* PROBLEM TO SOLVE: Pictures do not belong in the copy. Write out exactly the lines from the one containing "Medical Team Meeting" through the end of the data.

= Beginning of Section =

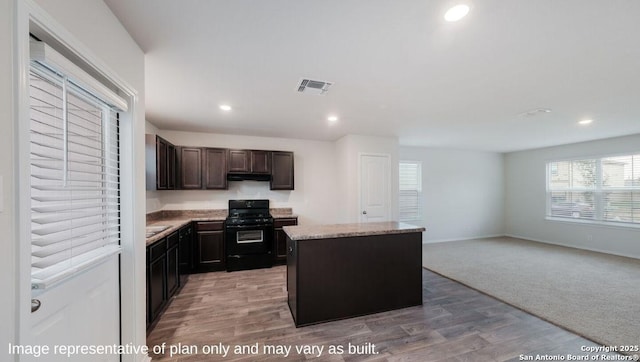 kitchen with hardwood / wood-style flooring, a kitchen island, dark brown cabinetry, and black range with gas cooktop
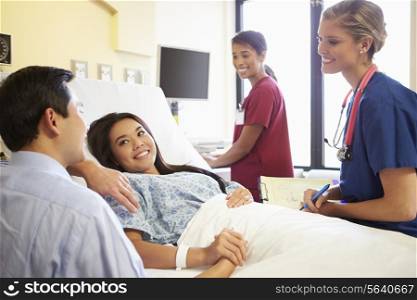 Medical Team Meeting With Couple In Hospital Room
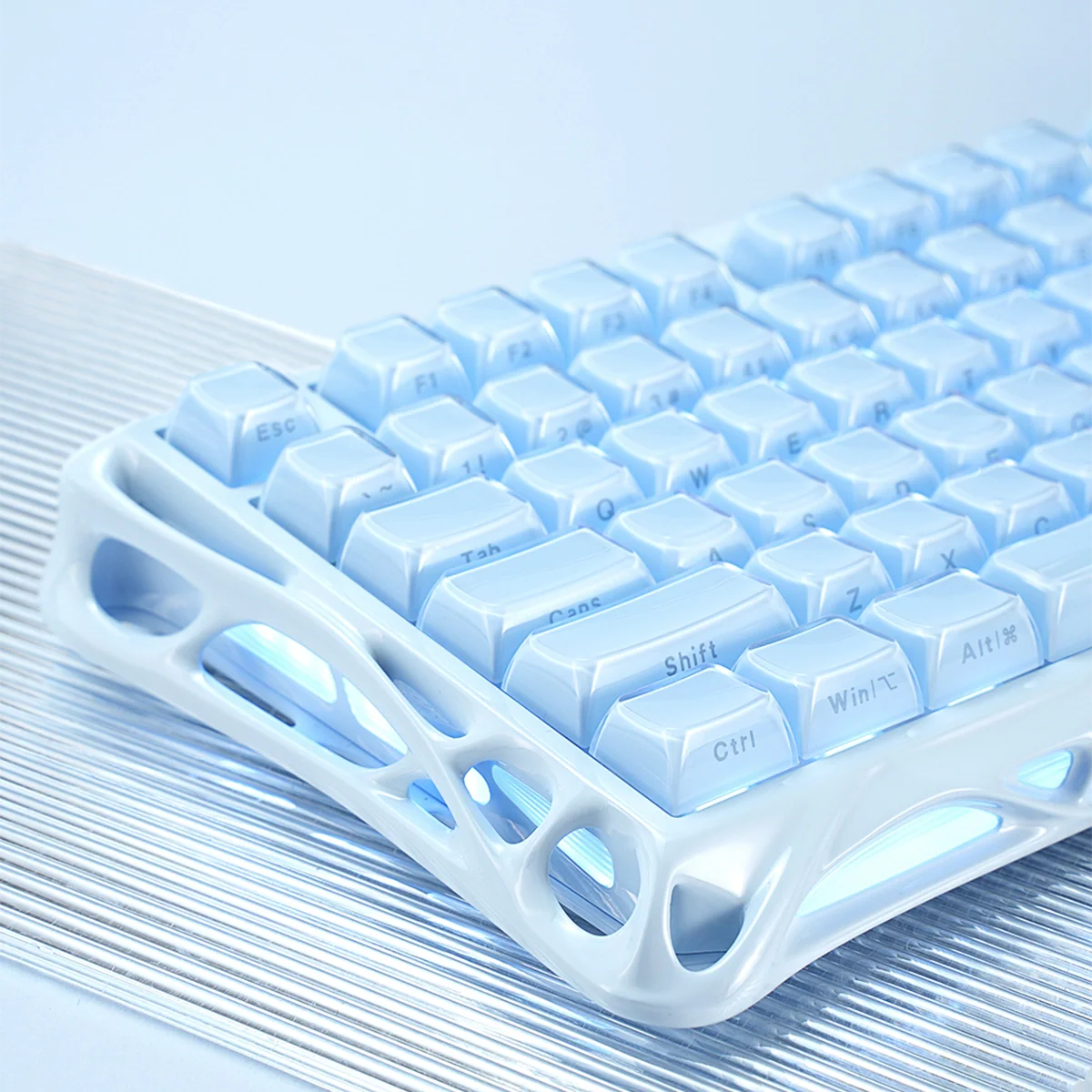 GravaStar Mercury K1 Ice Blue Edition 75% mechanical gaming keyboard side view – Highlighting ice blue aluminum skeleton frame, translucent white keycaps, custom linear switches, and dynamic RGB backlighting.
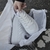 Un par de zapatillas deportivas blancas recién sacadas de su caja, sostenidas por una mano. Las zapatillas están sobre papel de seda dentro de la caja.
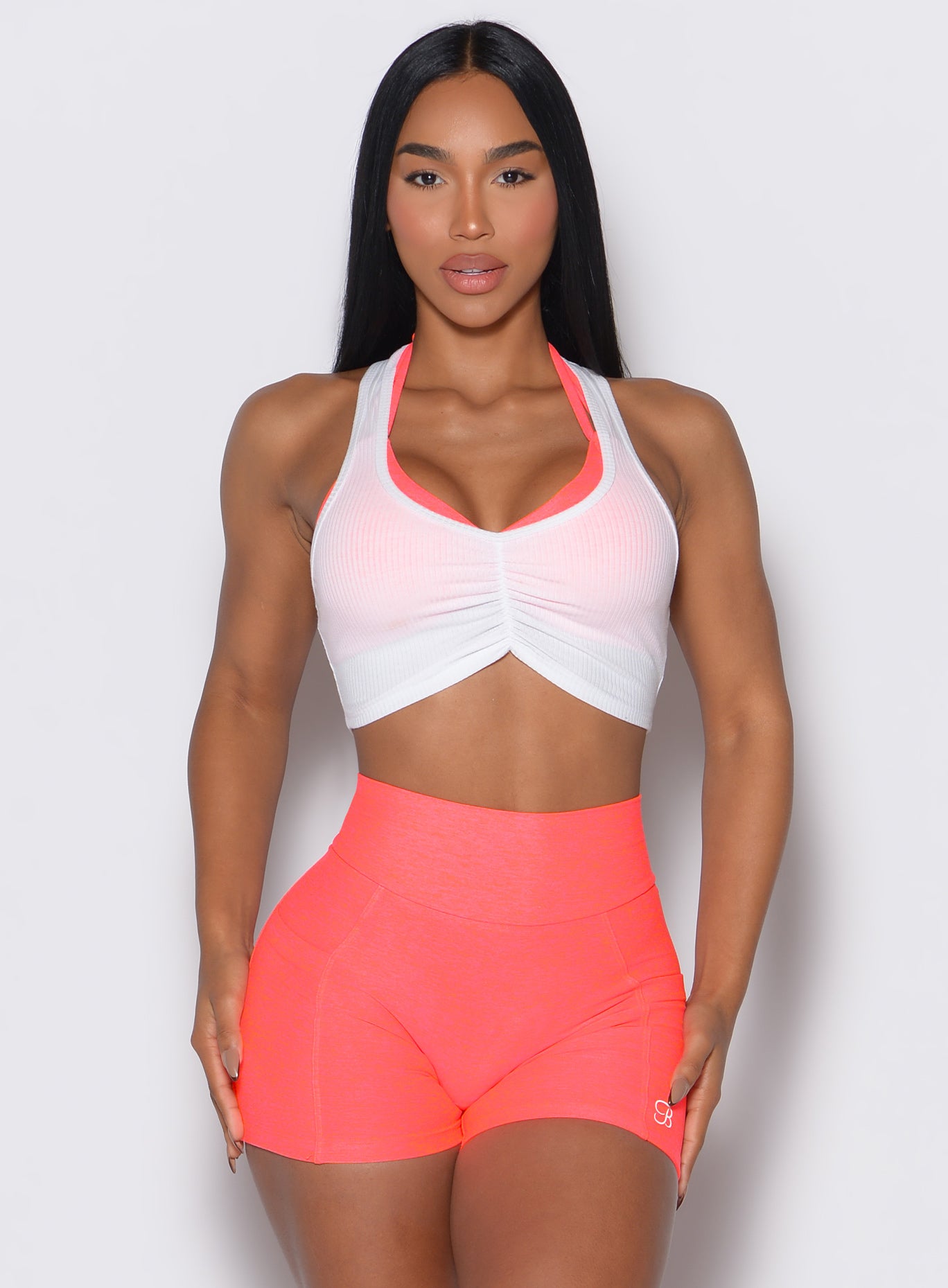 model facing forward wearing our white Butterfly Rib Tank on the top of a pink sports bra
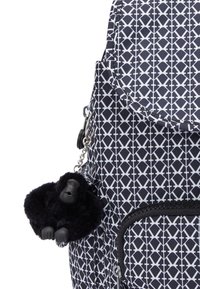 Mochila navy con patrón geométrico blanco, que presenta un llavero de gorila negro peludo sujeto por una cadena plateada y un bolsillo frontal con cremallera.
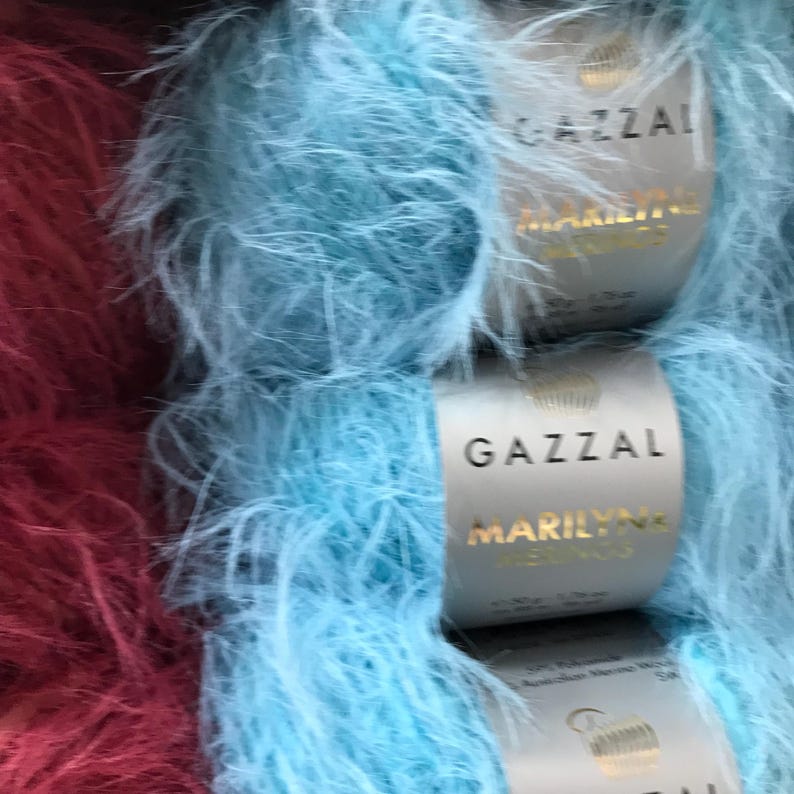 Puede incluir: Dos ovillos de hilo, uno es de color rojo burdeos oscuro y el otro es azul claro. Ambos ovillos son peludos y tienen la etiqueta de la marca Gazal Marilyn.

= End of Section =

* ANSWER BOX:
 Medical Team Meeting With Couple In Hospital Room
 GravaStar Mercury K1 Ice Blue Edition 75% mechanical gaming keyboard side view – Highlighting ice blue aluminum skeleton frame, translucent white keycaps, custom linear switches, and dynamic RGB backlighting.
 Un par de zapatillas deportivas blancas recién sacadas de su caja, sostenidas por una mano. Las zapatillas están sobre papel de seda dentro de la caja.
 model facing forward wearing our white Butterfly Rib Tank on the top of a pink sports bra
 Mochila navy con patrón geométrico blanco, que presenta un llavero de gorila negro peludo sujeto por una cadena plateada y un bolsillo frontal con cremallera.
 Puede incluir: Dos ovillos de hilo, uno es de color rojo burdeos oscuro y el otro es azul claro. Ambos ovillos son peludos y tienen la etiqueta de la marca Gazal Marilyn.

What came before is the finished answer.